Tuesday afternoon and my time arrived. "Just 15 minutes," I silently warned myself, "and keep to the script." Then I proceded to explain and give a web demonstration using a phishing email (that I had constructed) to leverage a Cross Site Scripting (XSS) attack upon a Trusted site by a Malcious site (that I had constructed) inducing the victim (played by myself) to furnish identity information to the attacker's cross-scripted form. Additionally, I provided a web demonstration of a SQL Injection attack where I established a test account with a user ID and password in a certain SQL injection-flawed web application and then showed how I could bypass the need for a password by providing a crafted SQL statement to the password field instead.

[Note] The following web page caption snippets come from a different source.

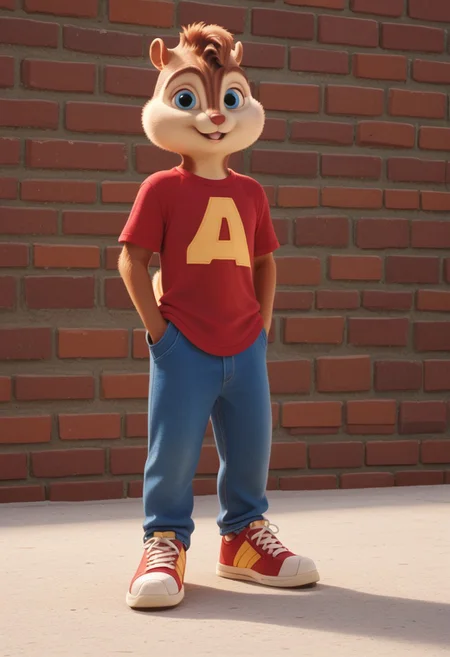 Score_9, score_8_up, score_7_up, source_furry, Alvin Seville, chipmunk, chipmunk male, furry male, furry, 3d, render, movie screencap, blue eyes, red t-shirt, blue jeans, sneakers, tail, hands in pockets, large feet, floral wall , carpet, windows, standing, looking at viewer, <lora:Alvin _Seville __Alvin_and_the_Chipmunks__CG_Movie_version:0.8>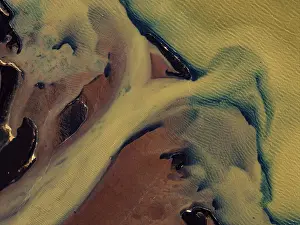 Aerial View Of River Drucke: River, river course, river delta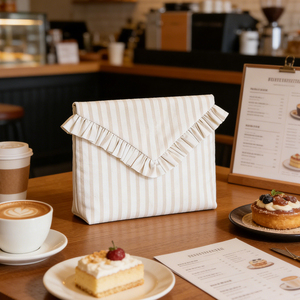 Bolsa Organizadora de Maquillaje Reutilizable de Poliéster <span class=keywords><strong>a</strong></span> Rayas con Borde Ondulado, Venta al por Mayor - Product Image 3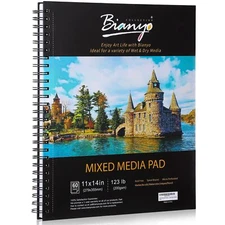 Mixed Media Paper Sketchbook 11" X 14" 60 Sheets/Each 123 LBS/200 GSM Spiral-...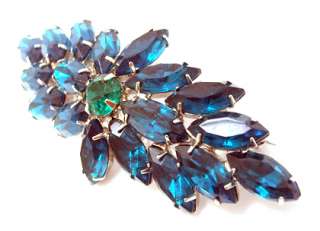   Brooch Pin Teal Emerald Green Prong Set Rhinestone Jewelry  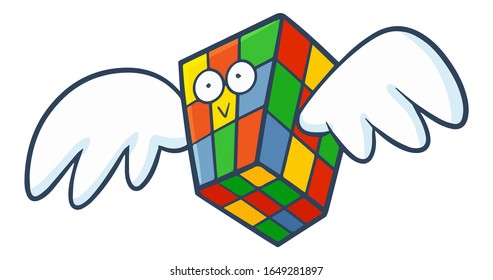 Cute and funny cube puzzle flying happily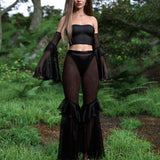 Just Black Ruffle Pants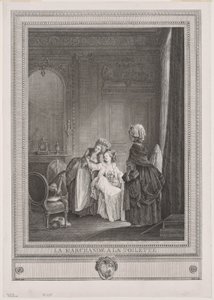 De handelsvrouw in de kleedkamer (La Marchande à la Toilette) door Gérard Vidal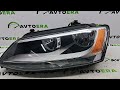 Фара левая (PN:5C7941005) JETTA MK6 11-18 рестайл, галоген, сколы, надломано крепление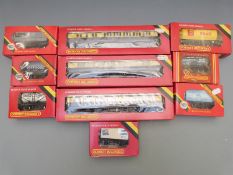 Ten Hornby 00 gauge coaches, wagons and tankers including United Dairies, Bestwood Iron Works,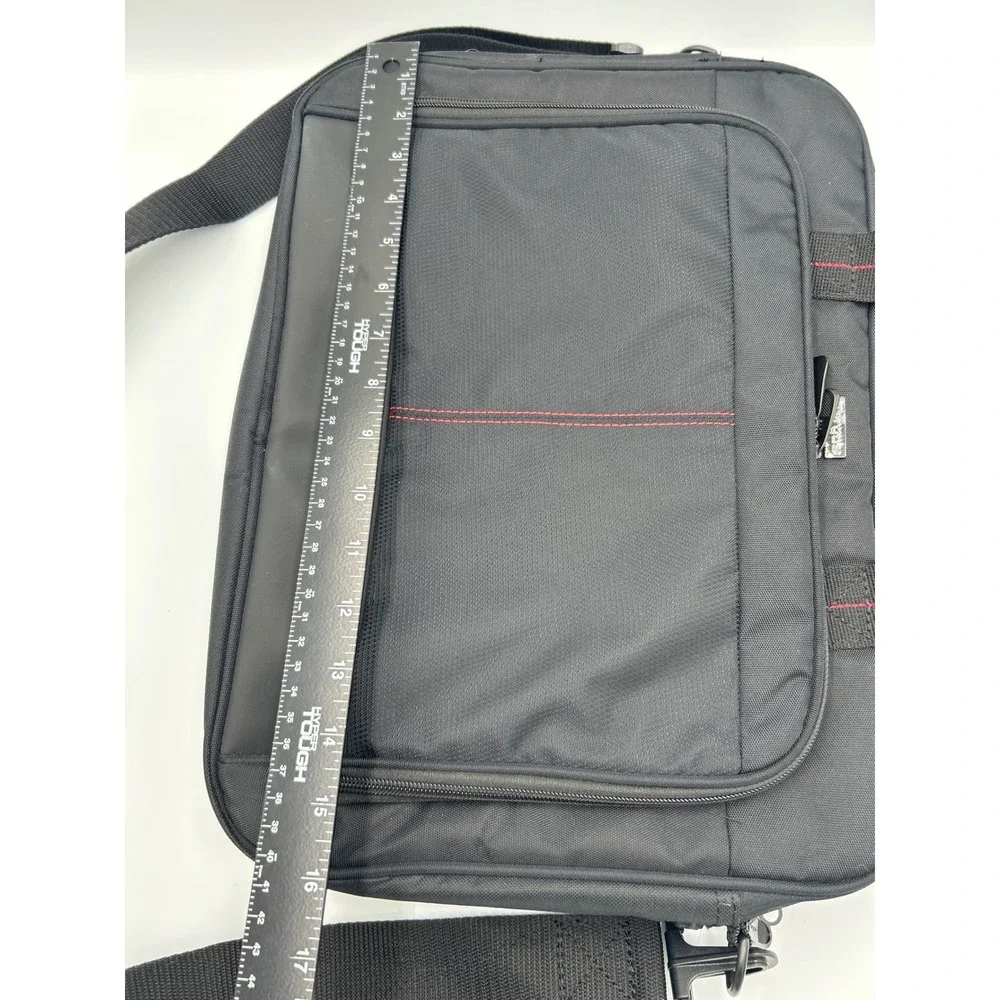Targus Black Nylon Laptop Messenger‎ Bag Red Stitching Briefcase Case TBT238US
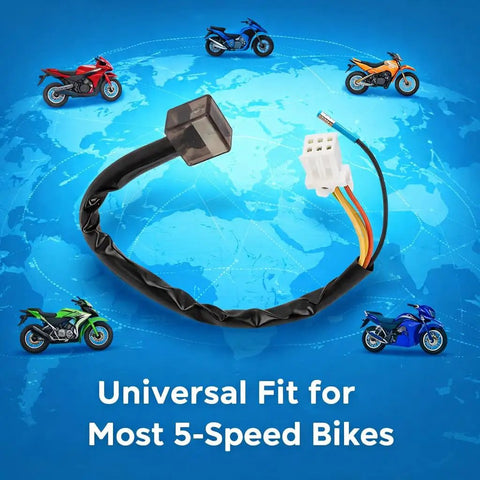 Motorcycle Gear Position Indicator With LED Display And Clutch Lever Sensor 5 Speed Digital Gear Indicator with wiring harness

The presentation ran 18 minutes. But that's only because of a technical glitch at the beginning (not my fault, but I fixed it) and because I didn't anticipate that the audience wouldn't be able easily to read the phishing email (small text even on the presentation screen) and so I had to read it to them (not in my script).
Afterwards, at a reception, a tall fellow walked up to me, shook my hand, and told me that my delivery of those particular attack techniques was the sharpest, clearest, and most convincing live demo of such he's ever seen (and he assured me he had seen plenty). And that's one compliment I'm never going to forget since it came from a leading industry expert, Jeff Williams, the CEO of Aspect Security (Application Security Specialists) and the chairman of OWASP (Open Web Application Security Project).